Have you ever wondered if there’s a fabric that captures the idea of soft cuddly kittens on a fluffy cloud? Well I have, and let me tell you that it doesn’t get much closer than double gauze after its been washed. This fabric substrate has been gaining popularity in the modern sewing industry for a couple years now and once you’ve felt it, it’s easy to see why. The material has a natural softness and coziness which makes it a great option for scarves, apparel, and all things baby.
The fabric itself is essentially two layers of thin gauze held together through small little pinpricks that make it feel light and effortless against the skin. Although be warned, because once you make one project with double gauze, you’ll be finding excuses to put it in more and more projects!
This past weekend I had the pleasure of working with double gauze to make a cozy baby blanket as a sample for the shop! It was so fast and easy to whip up that I thought I would share a quick tutorial for how to make one of your own.
Fabric Used: Space Thistles Pink Metallic Double Gauze
Time Spent: 2 hours total (!!!)
Materials: (2) 1 yard cuts of double gauze, (1) crib sized package of batting, pearl cotton or embroidery thread
1. Take your fabric and cut it to make sure that you have (2) 36 x 42 inch identical rectangles. Double gauze can tend to fray, so use a zig-zag stitch or a serger to finish all of your edges before you start sewing.
2. Take your batting out of the package and cut it down to a 36 x 42 inch piece.

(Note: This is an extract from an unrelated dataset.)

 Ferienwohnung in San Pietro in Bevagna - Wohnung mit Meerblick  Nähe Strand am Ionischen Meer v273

3. Now its time to make the batting sandwich. Take the two pieces of double gauze and place them right sides together, then place your batting rectangle on top of your double gauze. If your double gauze is shifting on you, try using painter’s tape on the corners of your rectangles to keep the fabric in place.

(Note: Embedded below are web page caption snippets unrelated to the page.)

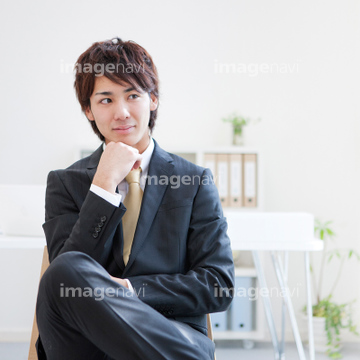 足を組む 男性 スーツ 黒色 の画像素材 ビジネスパーソン ビジネスの写真素材ならイメージナビ
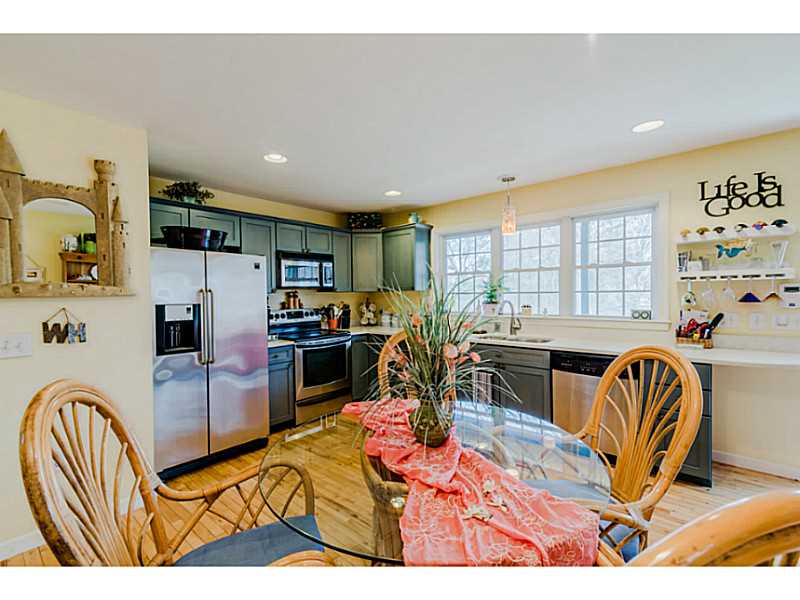 208 Watch Hill Road Westerly, RI 02891 - Photo 3 of 22 Kitchen.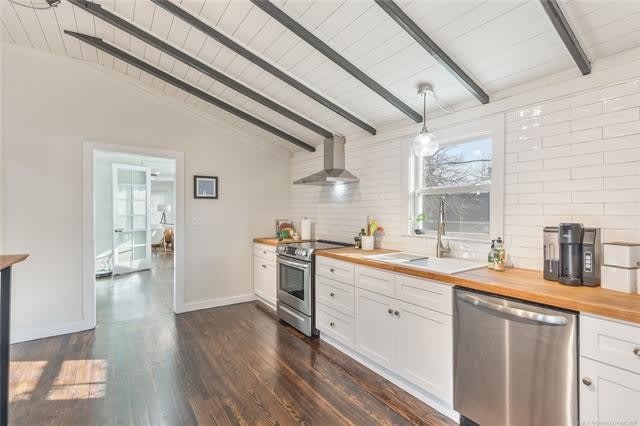 700 N MCKINLEY Avenue – photo 2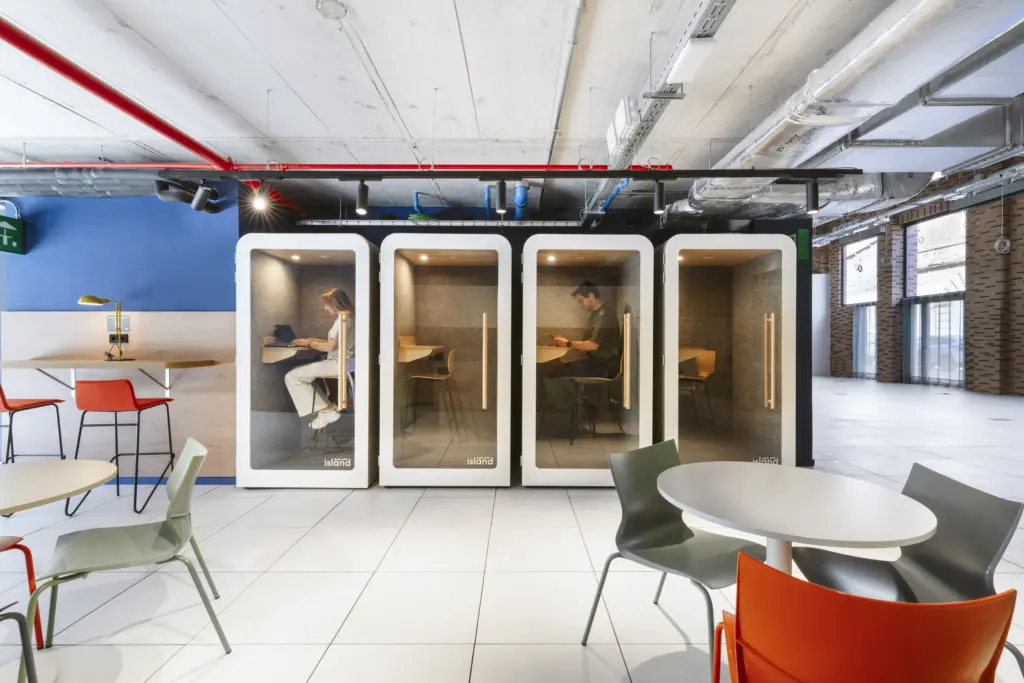 Coworking en barcelona con cabinas telefónicas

4. Carefully pin around your 3 layers, leaving a 4 inch opening on one of the sides.
5. Now sew around the outside of your rectangles with a 1/2 inch seam allowance, careful to leave that 4in opening unsewn.

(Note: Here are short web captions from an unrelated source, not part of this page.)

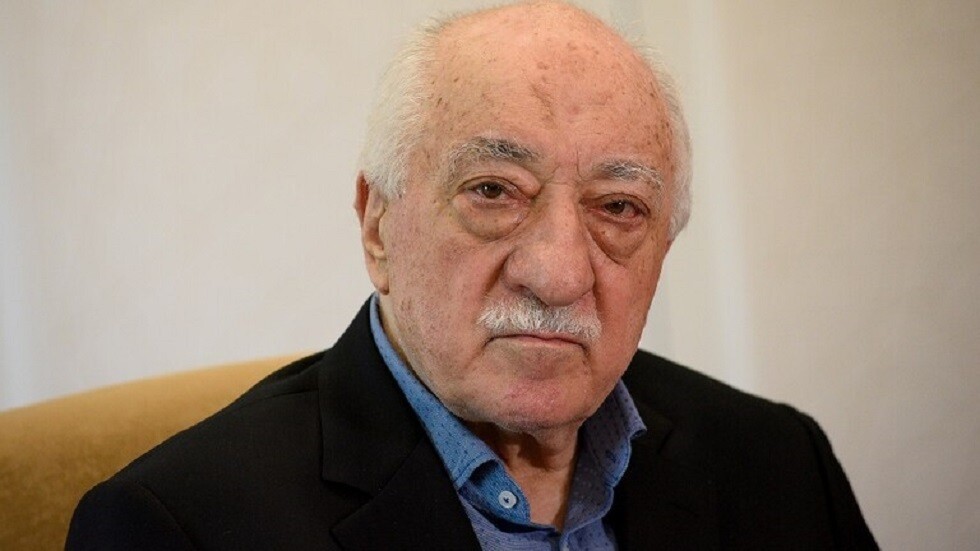 بعد انتشار خبر تسممه.. صحيفة تركية تكشف حقيقة الوضع الصحي للداعية غولن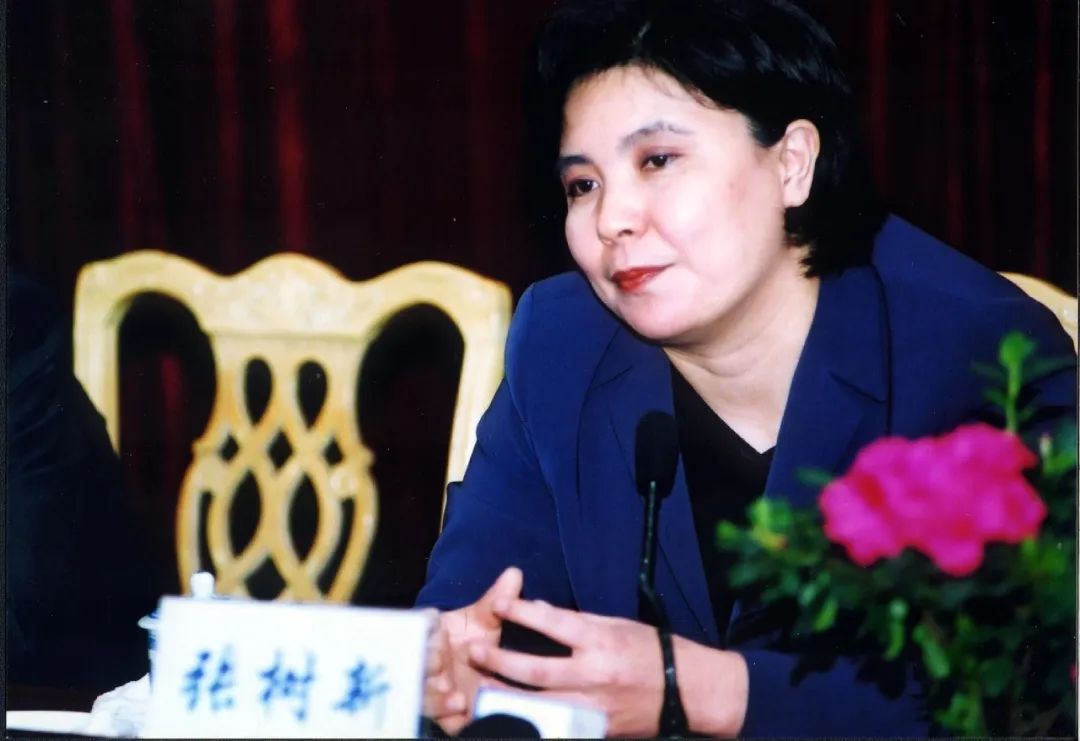 比阿里巴巴更先做的平台,比马云更早的互联网大佬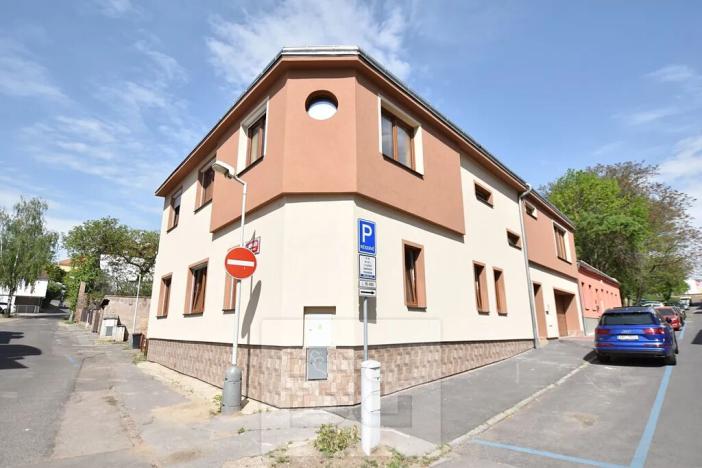 Pronájem bytu 3+kk, Praha - Kobylisy, Na pěšinách, 77 m2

6. Pull the blanket right sides out through the opening and give the blanket a quick press to make sure the corners and edges are poked out all the way.
7. Topstitch all around the outside of the blanket with a 1/2 inch seam allowance. I would recommend using your walking foot, if you have one, to help your stitches look as even as possible and to prevent the top layer from “walking” forward as you stitch.
8. Now its time to tie your blanket! I used pearl cotton to tie my blanket] but you could also use yarn or embroidery floss to get a similar effect. I would suggest spacing your ties 4-5 inches apart for a nice cozy feel.
- Here is a great tutorial for tying a quilt if it’s your first time with the technique. http://quiltingintherain.com/2010/11/how-to-tie-quilt.html
9. And now you’re done with the most snuggly blanket ever! Keep it for young ones of your own or gift it and spread the joy of double gauze.
At Urban Spools, we have a great selection of Japanese and Cotton + Steel double gauze prints that will jumpstart you on a newfound love affair with this luxurious fabric.
Upper Left: Ephemera Navy- Bespoke Double Gauze
Upper Top Right: Ephemera Peach- Bespoke Double Gauze
Upper Bottom Right: Ephemera Pink- Bespoke Double Gauze
Left Side: Pinwheels Pink
Bottom Right: Space Thistle Pink Metallic
Upper Right: Constellation Double Gauze
I hope you enjoy working with this fabric just as much as I did!